Uma dúvida comum entre casais diz respeito à administração das contas bancárias. Afinal, é melhor manter tudo separado ou centralizar as finanças?

De acordo com a especialista, não existe uma fórmula única. “Não existe modelo certo ou errado. O mais importante é que a escolha esteja alinhada ao perfil, à rotina e aos objetivos do casal.”
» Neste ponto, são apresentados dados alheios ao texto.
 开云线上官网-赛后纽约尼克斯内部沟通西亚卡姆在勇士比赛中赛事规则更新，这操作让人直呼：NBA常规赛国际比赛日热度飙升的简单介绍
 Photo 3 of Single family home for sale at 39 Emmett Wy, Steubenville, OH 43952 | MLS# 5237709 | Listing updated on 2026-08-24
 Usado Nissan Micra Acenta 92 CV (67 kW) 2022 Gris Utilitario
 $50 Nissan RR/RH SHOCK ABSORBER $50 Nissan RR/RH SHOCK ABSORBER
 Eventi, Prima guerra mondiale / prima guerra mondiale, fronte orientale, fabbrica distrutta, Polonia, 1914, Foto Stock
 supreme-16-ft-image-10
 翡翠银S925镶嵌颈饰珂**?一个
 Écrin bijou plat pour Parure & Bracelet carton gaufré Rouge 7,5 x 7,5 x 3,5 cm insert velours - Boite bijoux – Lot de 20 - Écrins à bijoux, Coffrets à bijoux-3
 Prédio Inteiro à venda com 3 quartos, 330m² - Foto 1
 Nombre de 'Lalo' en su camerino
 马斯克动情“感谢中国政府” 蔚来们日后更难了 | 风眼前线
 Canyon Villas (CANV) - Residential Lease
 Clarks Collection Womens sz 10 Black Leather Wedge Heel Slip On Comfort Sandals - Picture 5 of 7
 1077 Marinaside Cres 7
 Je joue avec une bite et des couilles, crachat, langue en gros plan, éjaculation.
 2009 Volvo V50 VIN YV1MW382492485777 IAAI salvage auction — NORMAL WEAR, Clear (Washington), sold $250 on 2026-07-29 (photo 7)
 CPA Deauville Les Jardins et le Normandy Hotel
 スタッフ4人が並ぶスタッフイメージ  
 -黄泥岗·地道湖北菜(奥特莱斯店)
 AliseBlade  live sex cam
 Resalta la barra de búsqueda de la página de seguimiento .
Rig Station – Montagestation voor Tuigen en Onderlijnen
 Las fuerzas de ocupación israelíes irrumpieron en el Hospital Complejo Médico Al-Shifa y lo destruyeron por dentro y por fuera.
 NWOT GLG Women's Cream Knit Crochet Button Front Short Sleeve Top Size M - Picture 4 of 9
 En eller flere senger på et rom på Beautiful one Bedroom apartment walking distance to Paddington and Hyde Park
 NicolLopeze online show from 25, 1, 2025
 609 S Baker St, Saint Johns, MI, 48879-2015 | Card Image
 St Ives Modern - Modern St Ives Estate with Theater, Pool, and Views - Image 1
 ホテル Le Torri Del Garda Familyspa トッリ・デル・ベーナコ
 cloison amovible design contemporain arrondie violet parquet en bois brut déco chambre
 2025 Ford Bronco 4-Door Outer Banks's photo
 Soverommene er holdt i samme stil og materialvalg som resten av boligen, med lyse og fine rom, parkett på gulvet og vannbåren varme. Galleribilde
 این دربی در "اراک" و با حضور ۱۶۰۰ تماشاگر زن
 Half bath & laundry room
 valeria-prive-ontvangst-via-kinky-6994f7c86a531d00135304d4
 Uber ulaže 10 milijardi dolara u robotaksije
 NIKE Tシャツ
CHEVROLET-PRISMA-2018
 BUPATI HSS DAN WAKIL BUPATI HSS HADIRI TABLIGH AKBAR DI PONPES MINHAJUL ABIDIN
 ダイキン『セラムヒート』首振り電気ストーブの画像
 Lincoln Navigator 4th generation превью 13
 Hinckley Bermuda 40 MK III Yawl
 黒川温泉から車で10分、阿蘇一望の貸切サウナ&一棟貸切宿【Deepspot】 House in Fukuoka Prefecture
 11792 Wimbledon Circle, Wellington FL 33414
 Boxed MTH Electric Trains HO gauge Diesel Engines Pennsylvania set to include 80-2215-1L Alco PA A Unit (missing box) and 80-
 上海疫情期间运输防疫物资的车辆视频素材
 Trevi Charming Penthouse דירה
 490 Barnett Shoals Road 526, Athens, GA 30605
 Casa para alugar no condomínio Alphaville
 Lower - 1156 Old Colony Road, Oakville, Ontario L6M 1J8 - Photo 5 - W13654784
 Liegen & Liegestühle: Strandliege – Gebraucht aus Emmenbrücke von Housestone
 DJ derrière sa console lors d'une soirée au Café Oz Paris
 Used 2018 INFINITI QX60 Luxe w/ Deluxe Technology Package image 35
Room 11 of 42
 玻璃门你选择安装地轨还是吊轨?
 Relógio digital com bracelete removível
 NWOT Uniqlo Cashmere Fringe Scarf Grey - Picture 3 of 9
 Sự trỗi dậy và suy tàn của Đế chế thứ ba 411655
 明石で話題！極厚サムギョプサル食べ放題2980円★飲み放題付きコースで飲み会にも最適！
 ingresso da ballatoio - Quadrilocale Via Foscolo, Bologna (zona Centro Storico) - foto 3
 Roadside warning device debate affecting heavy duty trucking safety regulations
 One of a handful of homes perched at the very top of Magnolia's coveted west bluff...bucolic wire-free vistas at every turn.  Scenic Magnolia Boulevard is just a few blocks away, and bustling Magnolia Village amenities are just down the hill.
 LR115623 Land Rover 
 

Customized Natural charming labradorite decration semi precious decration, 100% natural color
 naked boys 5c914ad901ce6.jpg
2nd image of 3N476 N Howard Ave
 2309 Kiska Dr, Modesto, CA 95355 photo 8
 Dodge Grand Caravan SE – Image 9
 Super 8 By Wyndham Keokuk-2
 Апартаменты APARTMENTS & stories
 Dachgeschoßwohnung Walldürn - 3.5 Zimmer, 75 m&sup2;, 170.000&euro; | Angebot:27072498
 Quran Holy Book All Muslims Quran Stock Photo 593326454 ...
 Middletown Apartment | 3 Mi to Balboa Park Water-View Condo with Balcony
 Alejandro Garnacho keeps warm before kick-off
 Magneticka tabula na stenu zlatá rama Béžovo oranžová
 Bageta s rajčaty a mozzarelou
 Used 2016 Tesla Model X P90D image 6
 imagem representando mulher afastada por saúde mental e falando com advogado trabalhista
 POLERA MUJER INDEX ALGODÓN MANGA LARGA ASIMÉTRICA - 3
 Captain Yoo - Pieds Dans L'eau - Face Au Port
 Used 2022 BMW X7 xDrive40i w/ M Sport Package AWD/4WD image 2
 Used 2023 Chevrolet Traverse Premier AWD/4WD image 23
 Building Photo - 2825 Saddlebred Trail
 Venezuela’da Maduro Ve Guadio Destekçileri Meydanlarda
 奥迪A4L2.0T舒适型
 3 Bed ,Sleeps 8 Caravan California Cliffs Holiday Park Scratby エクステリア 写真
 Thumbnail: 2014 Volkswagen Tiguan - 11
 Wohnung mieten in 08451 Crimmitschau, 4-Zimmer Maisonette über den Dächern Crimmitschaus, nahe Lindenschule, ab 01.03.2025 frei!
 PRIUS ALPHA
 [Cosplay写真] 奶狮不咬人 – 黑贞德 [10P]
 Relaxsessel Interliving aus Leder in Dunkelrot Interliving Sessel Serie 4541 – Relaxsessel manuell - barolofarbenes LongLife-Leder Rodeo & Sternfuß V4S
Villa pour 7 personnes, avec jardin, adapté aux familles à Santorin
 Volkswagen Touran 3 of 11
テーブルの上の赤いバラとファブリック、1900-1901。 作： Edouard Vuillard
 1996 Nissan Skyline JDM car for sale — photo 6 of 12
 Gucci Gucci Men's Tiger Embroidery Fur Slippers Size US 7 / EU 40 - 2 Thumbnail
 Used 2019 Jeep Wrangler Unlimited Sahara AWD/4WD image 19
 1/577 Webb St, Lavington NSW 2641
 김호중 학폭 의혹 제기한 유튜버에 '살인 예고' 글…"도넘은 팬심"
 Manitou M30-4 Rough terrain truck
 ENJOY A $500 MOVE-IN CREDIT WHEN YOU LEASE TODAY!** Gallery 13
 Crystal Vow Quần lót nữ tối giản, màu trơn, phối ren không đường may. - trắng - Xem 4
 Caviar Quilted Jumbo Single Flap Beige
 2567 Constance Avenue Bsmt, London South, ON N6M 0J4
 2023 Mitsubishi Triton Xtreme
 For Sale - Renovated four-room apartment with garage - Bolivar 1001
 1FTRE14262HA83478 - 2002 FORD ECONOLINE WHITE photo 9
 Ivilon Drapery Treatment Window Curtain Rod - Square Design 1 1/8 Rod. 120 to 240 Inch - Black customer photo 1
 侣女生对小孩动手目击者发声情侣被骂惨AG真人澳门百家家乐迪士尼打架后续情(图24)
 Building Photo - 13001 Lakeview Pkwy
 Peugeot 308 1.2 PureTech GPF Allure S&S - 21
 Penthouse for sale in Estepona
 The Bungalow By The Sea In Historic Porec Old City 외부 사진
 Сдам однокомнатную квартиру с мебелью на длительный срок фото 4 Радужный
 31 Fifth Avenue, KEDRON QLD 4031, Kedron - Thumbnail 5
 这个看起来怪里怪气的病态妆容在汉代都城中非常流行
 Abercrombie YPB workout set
Ela explica que contas totalmente separadas costumam funcionar bem para quem valoriza autonomia financeira, mas podem dificultar a visualização do patrimônio construído em conjunto. Já a conta conjunta oferece maior integração, embora possa gerar conflitos quando os hábitos de consumo são muito diferentes.

Por isso, o modelo híbrido tem ganhado espaço entre especialistas e casais. “O modelo híbrido costuma ser o mais recomendado porque une organização e autonomia. Uma conta pode ser destinada às despesas da casa e às metas compartilhadas, enquanto cada pessoa mantém sua conta individual para gastos pessoais”, ressalta.

Construindo o futuro juntos

Mais do que controlar gastos ou dividir contas, o planejamento financeiro a dois representa uma ferramenta para fortalecer a parceria e construir objetivos em comum.

Em um momento em que o Dia dos Namorados convida casais a refletirem sobre o futuro, a especialista reforça que falar sobre dinheiro é também uma forma de demonstrar confiança, compromisso e responsabilidade.

“Planejar finanças a dois não é sobre controlar o outro. É sobre alinhar sonhos. Quando o casal aprende a falar sobre dinheiro, está, na verdade, desenhando o futuro que quer construir junto”, conclui Maria Clara Martins.